This bound and Lemma 7.1 allow us to conclude that the expected running time of `Randomized-Quicksort` is $$\Omega(n\lg n)$$.

## Exercise 7.4-5

Insertion sort requires $$O(k^2)$$ time to sort an array of size $$k$$. The total time spent by insertion sort is $$O(n/k) \cdot O(k^2)=O(nk)$$, since we can have at most $$n/k$$ subarrays of size $$k$$. The expected number of levels in the recursion tree is $$O(\lg (n/k))$$. Therefore, the total time spent in partitioning subarrays is $$O(n\lg(n/k))$$. After summing up these terms, we get that the randomized version of this sorting algorithm runs in $$O(nk+n\lg (n/k))$$ expected time.
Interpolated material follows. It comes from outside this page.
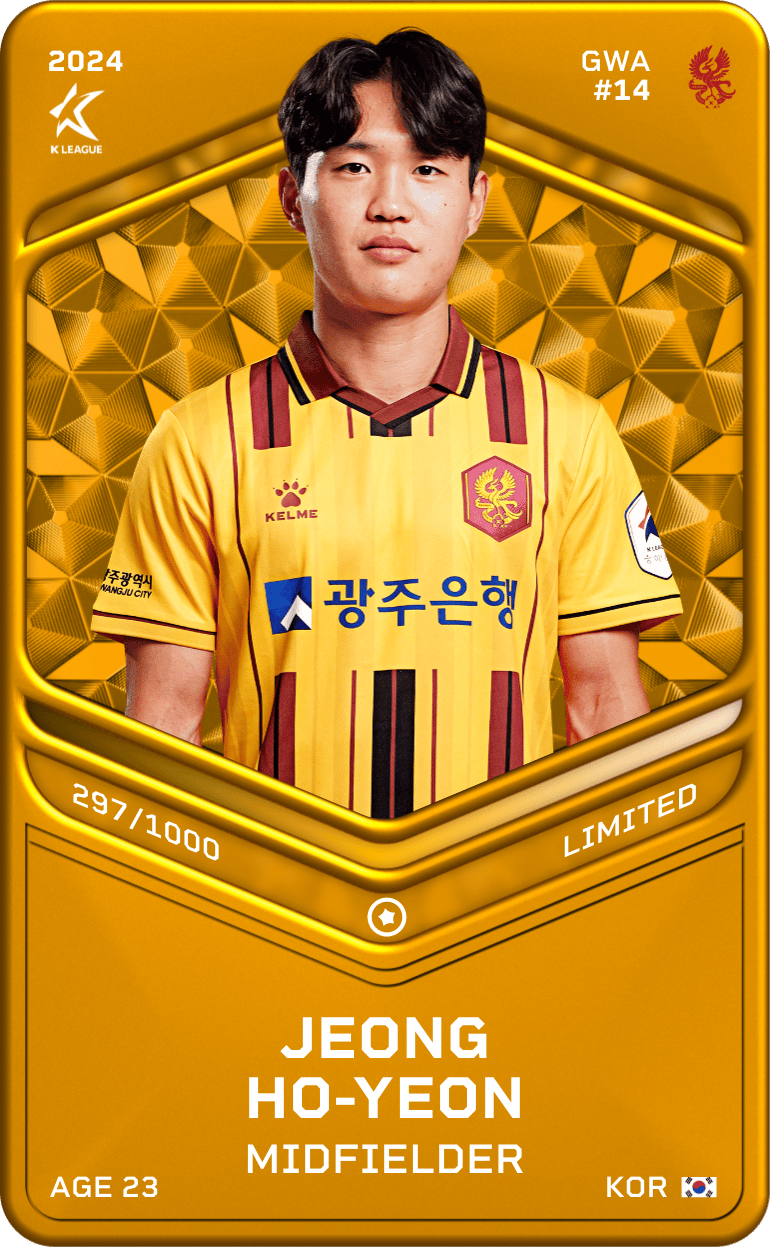 Jeong Ho-Yeon 2024-25 • Limited 297/1000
The modified algorithm has the same asymptotic running time as standard randomized quick-sort when $$O(nk+n\lg (n/k))=O(n\lg n)$$. The largest asymptotic value of $$k$$, as a function of $$n$$, that satisfies this condition is $$k=\Theta(\lg n)$$. Notice that $$k$$ cannot be asymptotically larger than $$\Theta(\lg n)$$, otherwise $$nk=\omega(n\lg n)$$ and we would make things worse. On the other hand, plugging in $$k=\lg n$$ into our formula for the expected running time gives

$$
O(n\lg n+n\lg (n/\lg n))=O(2n\lg n-n\lg \lg n)=O(n\lg n) \space\checkmark
$$

In practice, you would need to experimentally find the best $$k$$, as performance depends on many other machine related factors. Usually, you would want to select the largest possible $$k$$ among all values that give proper performance advantages.

## Exercise 7.4-6

If the median falls into the lowest or largest $$\alpha n$$ numbers, then we get a worse than $$\alpha$$-to-$$(1-\alpha)$$ split. This happens if at least two randomly selected numbers belong in these ranges. We have the following 4 disjoint events:

1. All three numbers are among the lowest $$\alpha n$$ values.
2. All three numbers are among the largest $$\alpha n$$ values.
3. Exactly two numbers are among the lowest $$\alpha n$$ values.
4. Exactly two numbers are among the largest $$\alpha n$$ values.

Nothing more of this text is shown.